C’est dans cet esprit de «continuité» qu’a rapidement germé, dans l’esprit et le cœur de Sylvain, cette idée de créer une fondation à la mémoire d’Emma Rose. «Moi, j’hésitais, parce que cette Fondation m’obligeait à parler publiquement d’Emma Rose», se rappelle Marie-Hélène.

«Emma Rose a été chanceuse d’avoir un foyer complet. Et c’est dans la continuité du senti, de l’amour et du don que je souhaitais cette fondation (Les Amies d’Emma Rose) pour venir en aide aux enfants qui ont eu moins de chance qu’Emma Rose.»

De l’amitié, de l’amour

Marie-Hélène, née à Warwick mais ayant grandi à Plessisville et Sylvain, né à Victoriaville, se sont rencontrés il y a tout juste 25 ans. Leurs passions, elle pour la danse, lui pour la sonorisation, ont été à l’origine de leur rencontre. À pied levé, le grand Sylvain (6 pieds 4 pouces!) a dépanné Marie-Hélène qui devait présenter le soir même le premier spectacle de danse de son école L’Entrechoc. Curieusement, la petite entreprise de Sylvain s’appelait Disco-choc. «J’étais hyper énervée… et lui d’un calme!» Il a fallu quelques années avant que Marie-Hélène et Sylvain forment un couple. Avant de travailler avec son père Fernand à la Vitrerie Vaillancourt, Sylvain a obtenu une maîtrise en technologies de l’éducation à l’Université Laval. La précarité de son emploi de chargé de cours l’a incité à choisir de revenir à Victoriaville, dans l’entreprise familiale. Jamais, cependant, il n’a renoncé au plaisir d’enseigner, le piano et le ski, toutes les fins de semaine depuis 21 ans au mont Sainte-Anne. Quant à Marie-Hélène, «fille de région», elle a choisi de quitter Montréal pour créer son école de danse. «C’était ma carrière d’abord et Sylvain avait respecté ce projet bâtir mon école avant d’avoir un enfant.» Au fil des rencontres, professionnelles, ils ont pris plaisir à être ensemble, à se découvrir des intérêts et des principes communs. «Elle me plaisait parce qu’elle est une boule d’énergie.» «Neveu d’Armand Vaillancourt, il adore les arts comme moi, la danse, la peinture. On est très différents, tant par la taille que par le tempérament. C’est par le dedans qu’on se ressemble et on l’a vu au moment de la mort d’Emma Rose.»

L’arrivée de Lilas Mai

Aujourd’hui, après une longue attente de cinq ans, s’étant mariés en toute vitesse devant le notaire (une exigence pour l’adoption), Marie-Hélène et Sylvain viennent tout juste d’accueillir dans leur foyer une mignonne fillette chinoise de deux ans. «On voulait former une famille, ça a toujours été notre projet de vie. Nous voulions une enfant qui a été abandonnée. Au fond, nous aussi avions besoin d’être adoptés.»

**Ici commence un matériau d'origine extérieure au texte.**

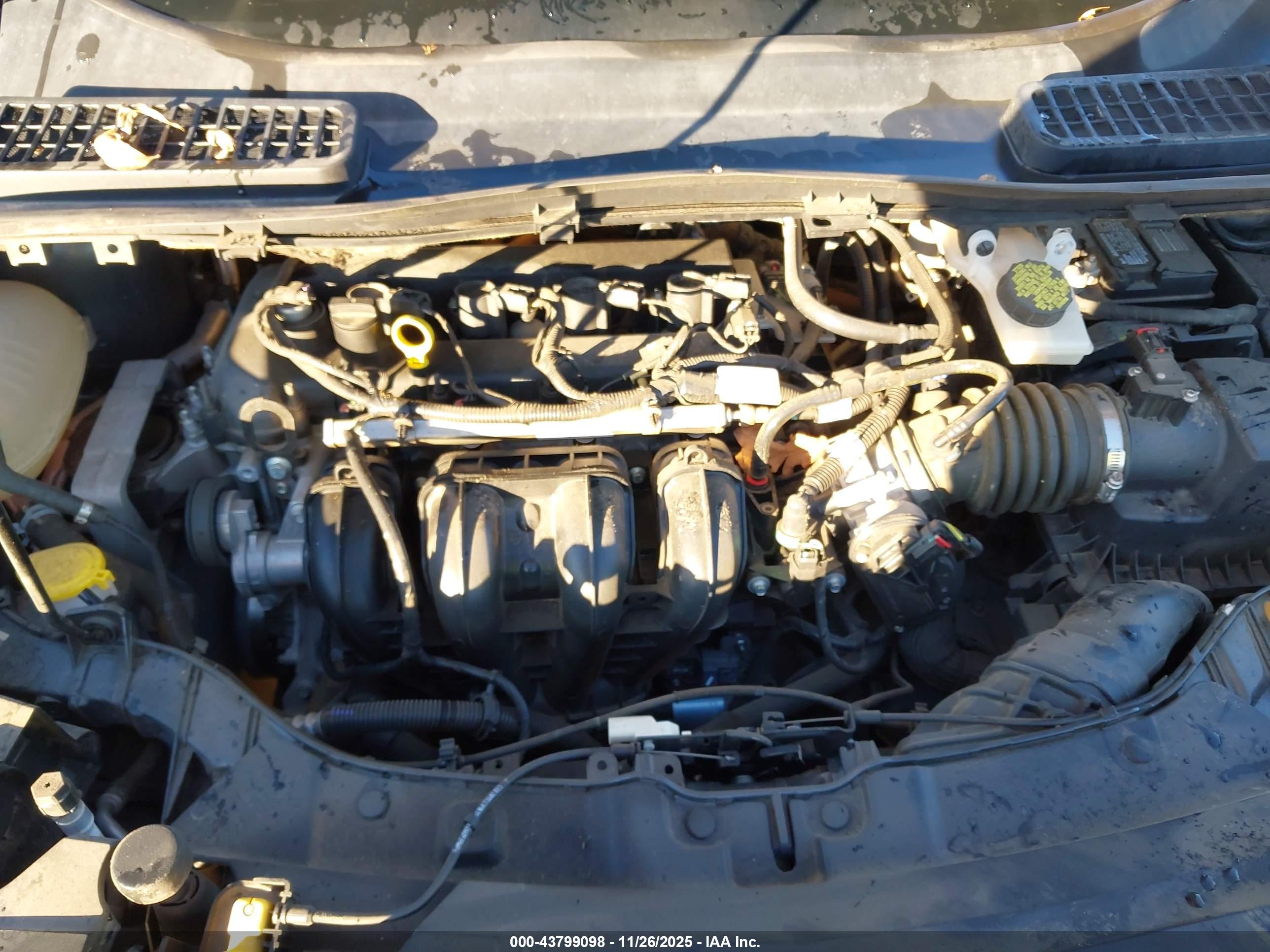 FORD ESCAPE image 10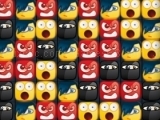 Jeu Be Smiled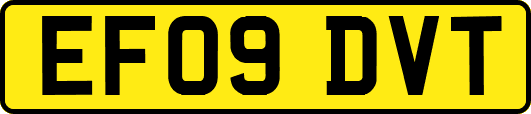 EF09DVT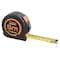 Beta 1691BM 8-Meter Tape Measure, Shock-Resistant Bi-Material ABS Casing, Steel Tape, Precision Class II 016910208 - alternate 1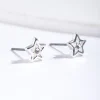 1065-silver-diamante-star-stud-earrings-2.webp Silver Diamante Star Stud Earrings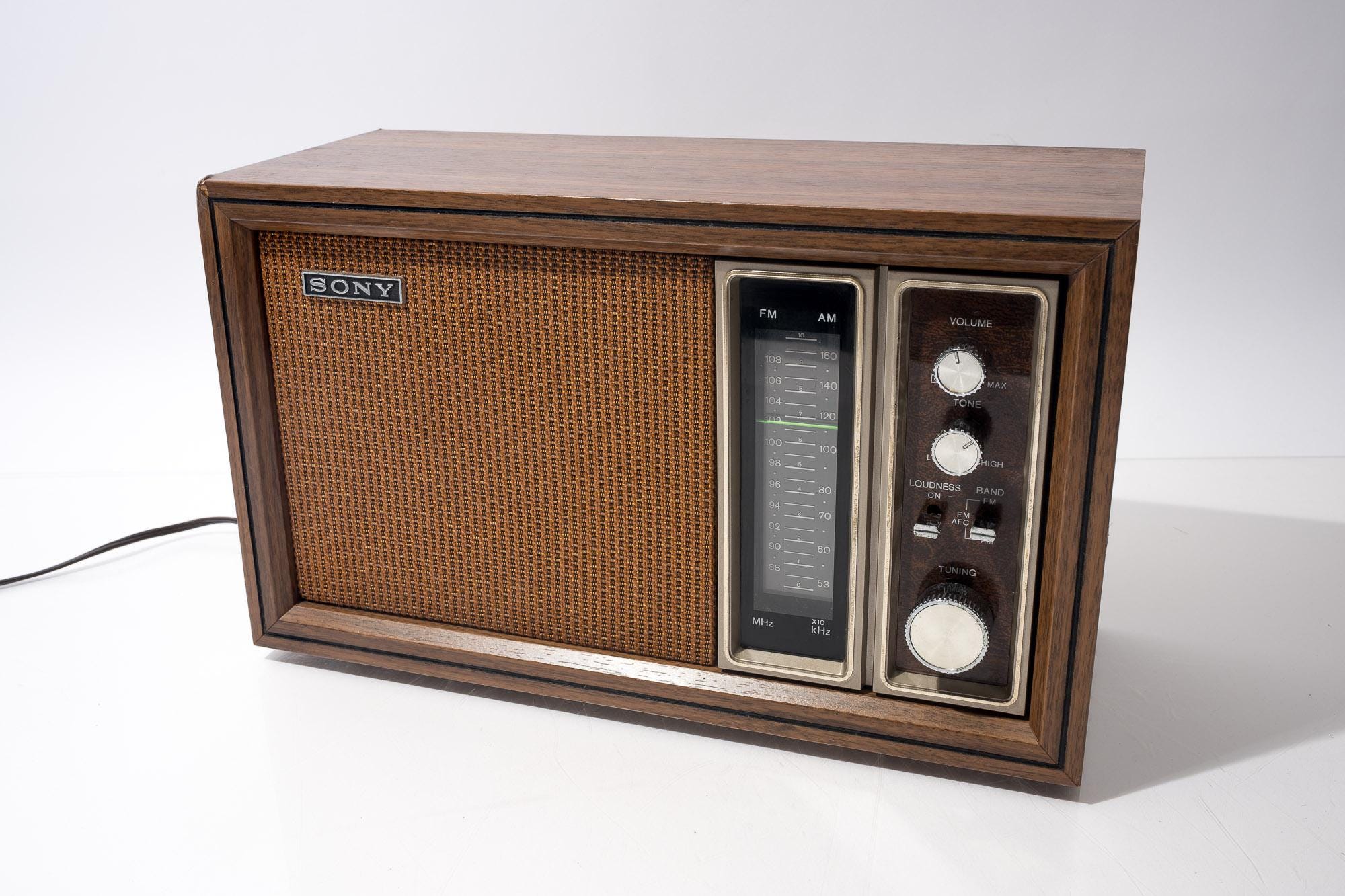 Solid state radio - Etsy 日本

Elle s’appelle Lilas Mai, ce nom évoquant le printemps et la mémoire d’Emma Rose, partie en mai. «Comme une boucle qu’on vient de fermer.»

Fin novembre, les parents se sont envolés pour la Chine et en sont revenus avec leur petite «princesse chinoise» qui commence à dire «maman» et «papa».

L’adoption, c’était une autre façon pour le couple de continuer à «bâtir».

Marie-Hélène et Sylvain ont accepté de témoigner publiquement de leur parcours pour deux raisons. «Si cela pouvait aider un seul couple à passer à travers le deuil!», espère Sylvain. Quant à Marie-Hélène, elle dit que la force du couple, elle et Sylvain l’ont puisée aussi, à travers celle de leurs familles respectives, du «modèle» de leurs parents. «C’est difficile pour des parents de voir leurs enfants souffrir.» Marie-Hélène et Sylvain veulent offrir un «cadeau d’amour» à Gaétan et Pierrette, à Lucille et Fernand.

«La Saint-Valentin, ça devrait être tout le temps quand on en a besoin!», conclut Sylvain.